- The data:

--- START ---

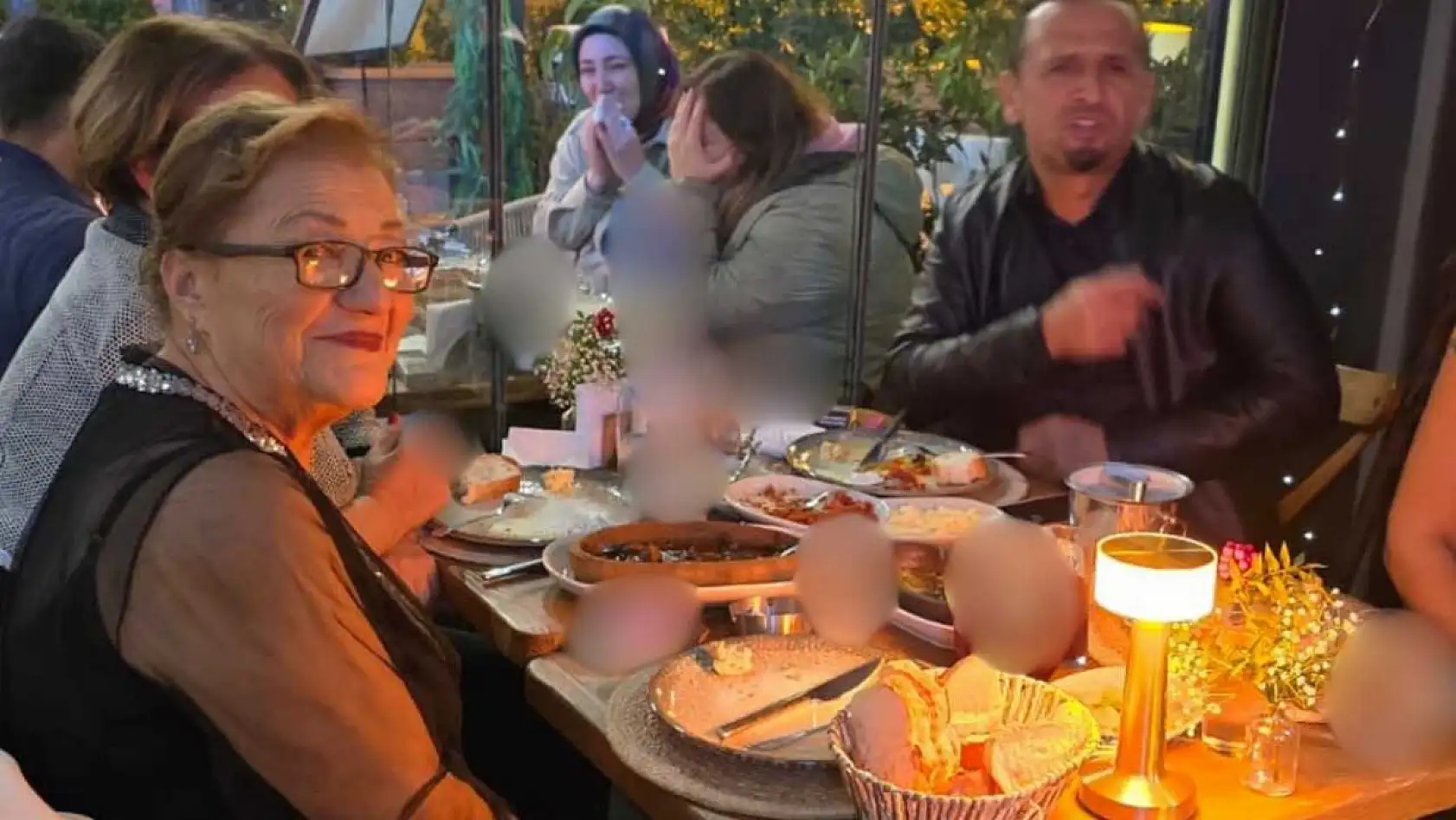 Fethiye'de sanat gecesi sürprizle taçlandı: Selin Köktener'e doğum günü kutlaması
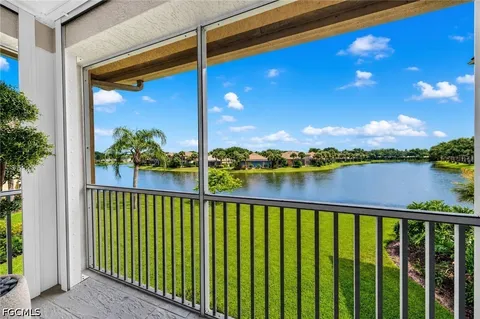 $999,900 | 1855 Les Chateaux Boulevard, Unit 5201, Naples, FL 34109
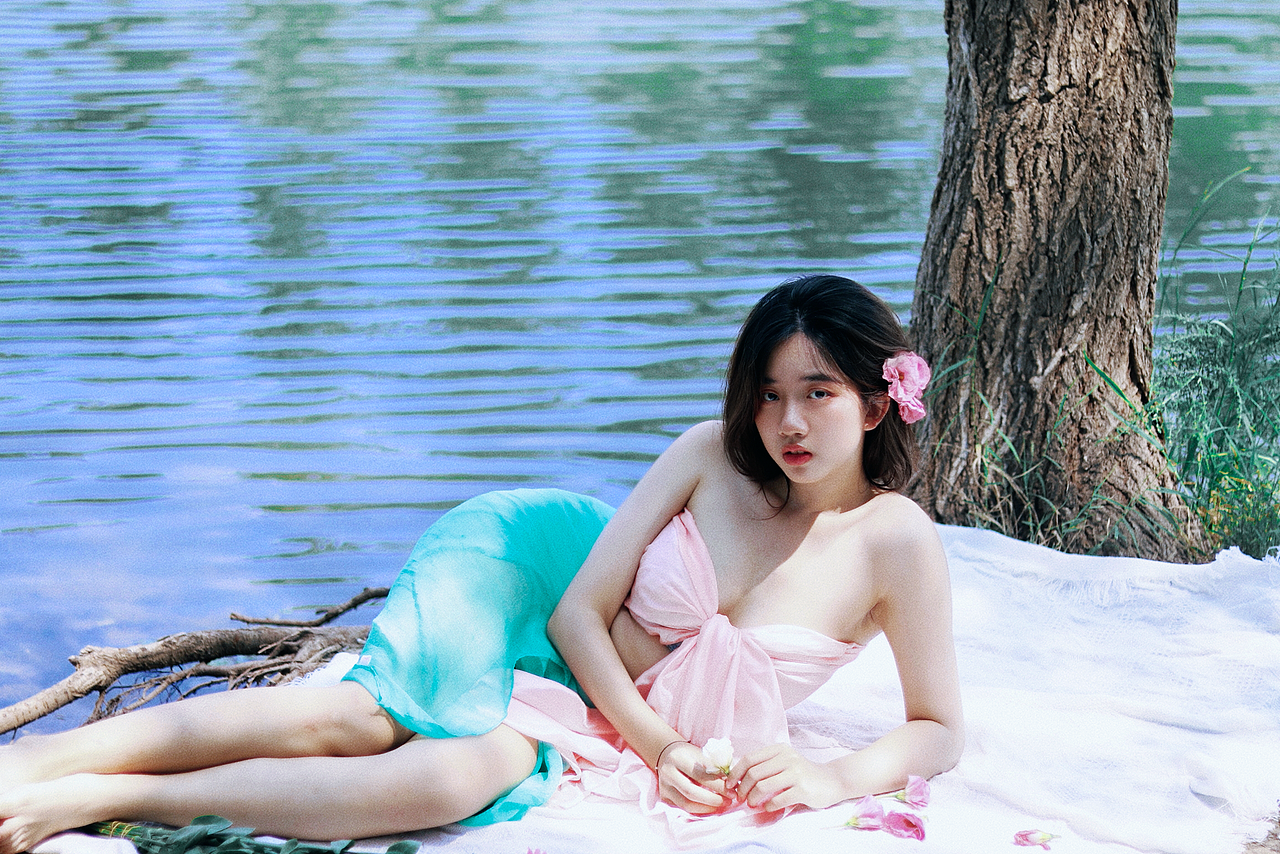 湖中少女（图ZMjcyNjcxNTg4） - 人像摄影 - 站酷设计师古一力原创素材 - 站酷ZCOOL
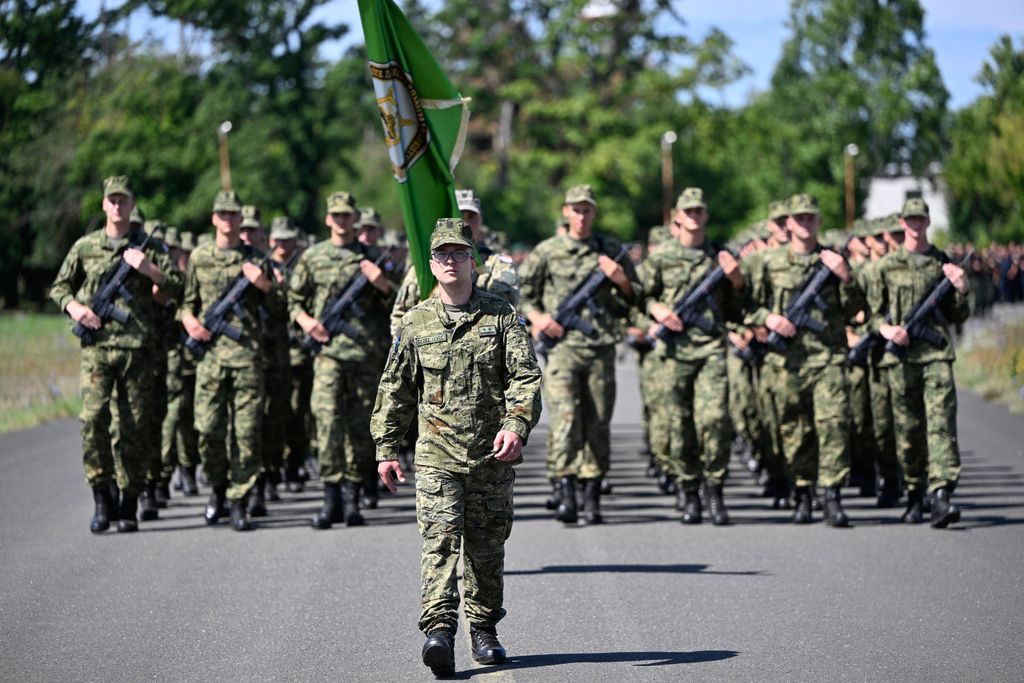 Uvježbavanje pješačkih postroja Hrvatske vojske za vojni mimohod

--- END ---

- Assigned task: Please copy the data above character for character, skipping any pictures.

- Solution to the exercise:
 Fethiye'de sanat gecesi sürprizle taçlandı: Selin Köktener'e doğum günü kutlaması
 $999,900 | 1855 Les Chateaux Boulevard, Unit 5201, Naples, FL 34109
 湖中少女（图ZMjcyNjcxNTg4） - 人像摄影 - 站酷设计师古一力原创素材 - 站酷ZCOOL
 Uvježbavanje pješačkih postroja Hrvatske vojske za vojni mimohod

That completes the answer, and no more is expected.